Householders have been sold out in a desperate bid to save the broken banks, a major academic study by the Free Legal Advice Centre (FLAC) has concluded.
It comes as thousands of consumers have clawed back €67m in refunds from banks and other lenders in a rare example of ordinary people getting some redress after six years of painful financial upheaval.
A total of 77,000 people were found to have been mis-sold an insurance product by lenders pursuing profits and breaching consumer protection rules in the process.
The FLAC study found that banks have been allowed to engage in sharp practices, in a desperate bid to save the financial system.
There is a massive imbalance in power between financial firms and consumers despite one of the biggest financial collapses in the world, and the €64bn bailout of the banks, the study finds.
the rigorous implementation of tough new rules promised by the Central Bank following the financial collapse, the report says.
The 218-page report, titled 'Redressing the Imbalance', makes 43 comprehensive recommendations for altering the balance of power between finance firms and consumers.
The new report comes as thousands of consumers have shared in a €67m clawback after they were mis-sold a controversial insurance product.
Average payments of €870 have been made to 77,000 people who bought payment protection insurance. The payouts follow a review ordered by the Central Bank into the selling of the insurance.
Some payments have been as high as €2,000.
Eleven banks and finance firms have been ordered by the Central Bank to refund customers who should never have been sold the insurance.
The Central Bank said the €67.4m repaid to consumers after the completion of a review includes almost €5m paid in interest to make up for consumers paying for policies they should not have been given.

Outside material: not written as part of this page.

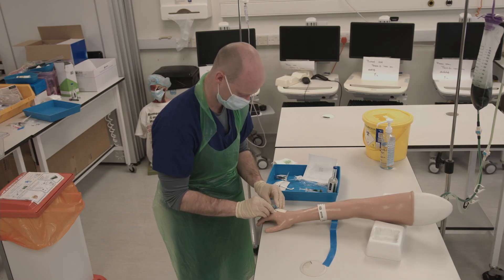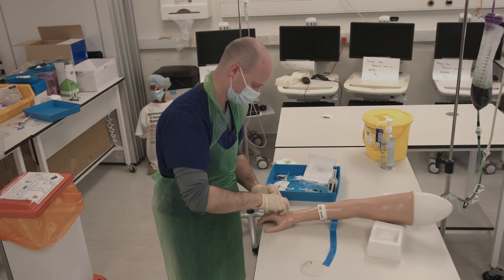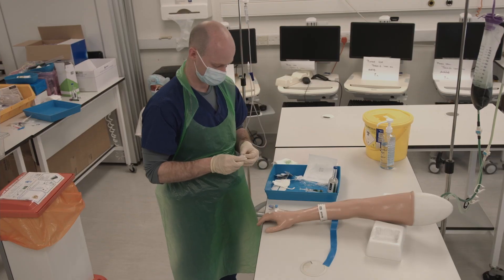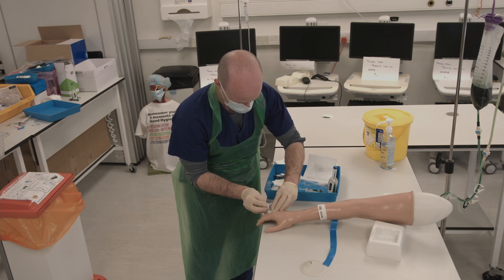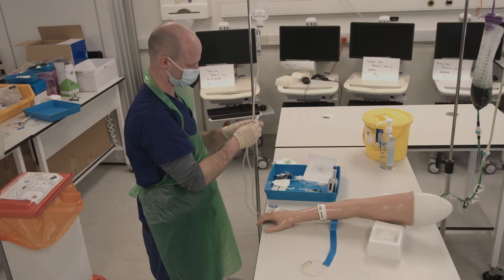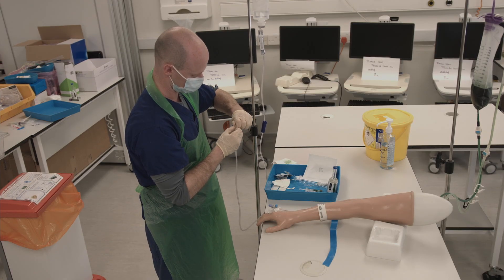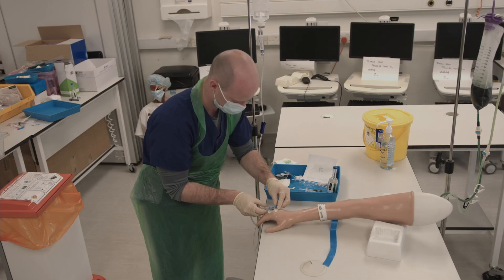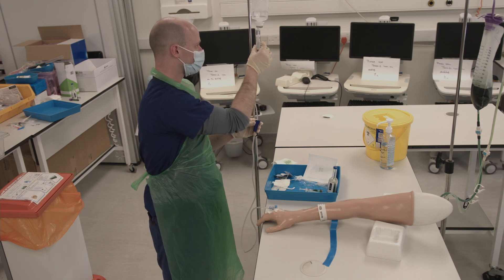You can now apply the label to the bottle. Clean the end of the bung once more with a chlorhexidine wipe, then remove the cap from the end of the infusion tubing and attach to the bung by twisting clockwise. Release the roller ball and look for drips in the chamber of the giving set. The rate of infusion can be calculated via the drip rate.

A total of 353,800 payment protection policies were probed in the 11 banks, lenders and credit card providers. But the investigation could only go back to policies sold after July 2007, due to legal restraints.
The Central Bank found that 22pc of payment protection insurance was mis-sold.
This is in contrast to Britain, where far higher numbers have been told they were mis-sold the insurance.
UK banks have been forced to set aside £20bn (€24bn) to repay consumers.
The Central Bank denied that lenders here had been let off the hook. It suggested there may still be enforcement actions taken by the Central Bank over mis-selling of payment protection insurance (PPI).
The Central Bank has ordered 11 lenders go back over their books and check who was suitable for and who was mis-sold payment protection insurance. These include AIB, Bank of Ireland, Bank of Scotland, Danske Bank, EBS, GE Money, KBC Bank Ireland, MBNA, Permanent TSB, RaboDirect Bank and Ulster Bank.
The failure of the Central Bank to do more to protect consumers has been sharply criticised in the FLAC report.
"We conclude that the Central Bank's approach prioritises putting obligations on providers over conferring rights on consumers," the report finds.
Consumers have little chance of success if a complaint is made, the report claims.
Ombudsman Bill Prasifka, pictured above, was strongly criticised this week by TDs and senators for the fact that he finds against consumers in eight out of 10 cases.
Mr Prasifka explained that he was heavily constrained in what he can do by law.
Deputy Financial Services Ombudsman Jacqueline McCrum said: "The Financial Services Ombudsman's bureau co-operated with FLAC on the research for their report and we welcome their contribution to the discussions on all issues they wish to raise."
A spokeswoman for the Central Bank said: "Working to protect the interests of consumers continues to be key priority for the Central Bank. We welcome views on how consumer protection framework can be strengthened and will review the report in this regard."